Data archive workflow



The social science data archive step by step

Ekkehard Mochmann (Central Archive for Empirical Social Research, Cologne, FRG)
Paul de Guchteneire (UNESCO, Paris, France)
 


Content:
 

1. Identification of datasets
2. Sources of data
3. Selection criteria
4. Data transfer to the archive
5. Data processing

6. Documentation
7. Storage
8. Information retrieval
9. Dissemination of data

10. Notes


6. Documentation

The data archive documentation has two levels: one type of documentation is on the level of the data files and the other is on the level of the variables in the data files.

6.1. File documentation

The file documentation describes the whole of a dataset. A large part of the documentation deals with the origins of the data, such as principal investigators, research institute and sponsors. Another section provides a detailed checklist for technical and methodological background information, like data collection method, sampling procedure, weighting or data format.

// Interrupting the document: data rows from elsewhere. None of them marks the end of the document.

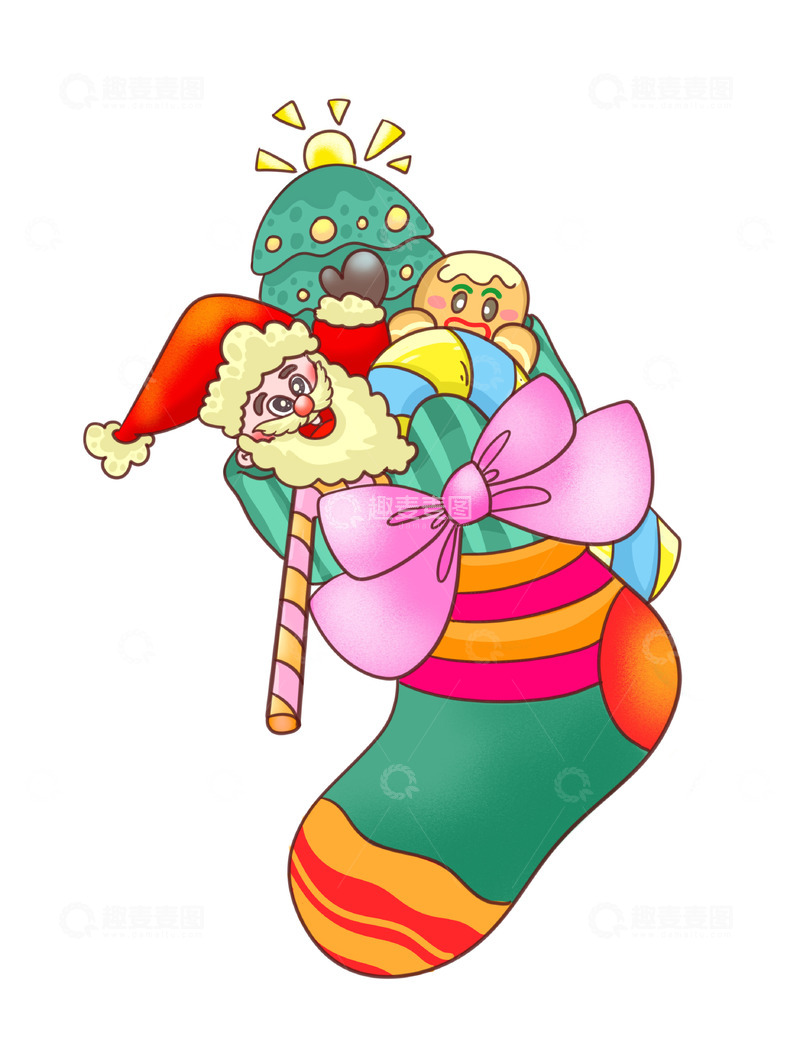 源文件下载【趣麦麦图】装袜子的圣诞老人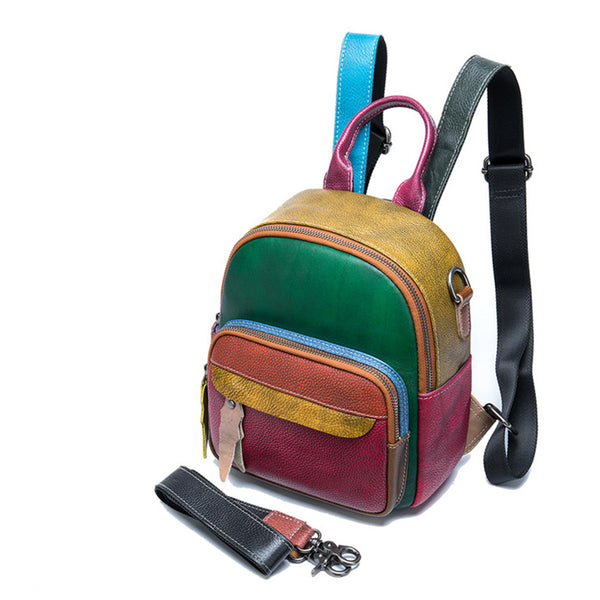 Cute Women's Mini Leather Backpack Bag Leather Convertible Backpack Shoulder Backpack For Women Casual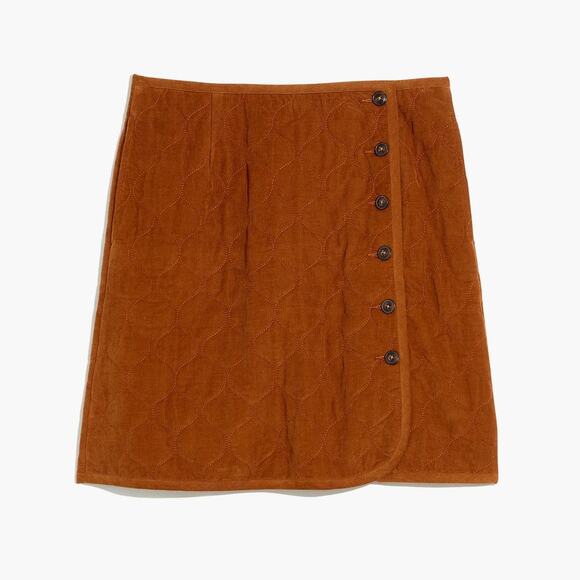 Madewell Corduroy Quilted Mini Skirt Warm Coffee Size 4 - Picture 1 of 11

This is called the study description which refers to the research project where the data originated from.

A number of archives have agreed on a standardised format for describing their respective holdings: the Standardised Study Description Scheme (1).

6.2 Data documentation

Data documentation deals with the variables in a dataset. Most datasets contain merely numerical coded information that cannot be understood without proper documentation. The variables in a dataset are described extensively in a codebook: what do the codes of a variable mean, from which question is this variable a result, which code is used as a missing code when there is no information available for a specific case etc.?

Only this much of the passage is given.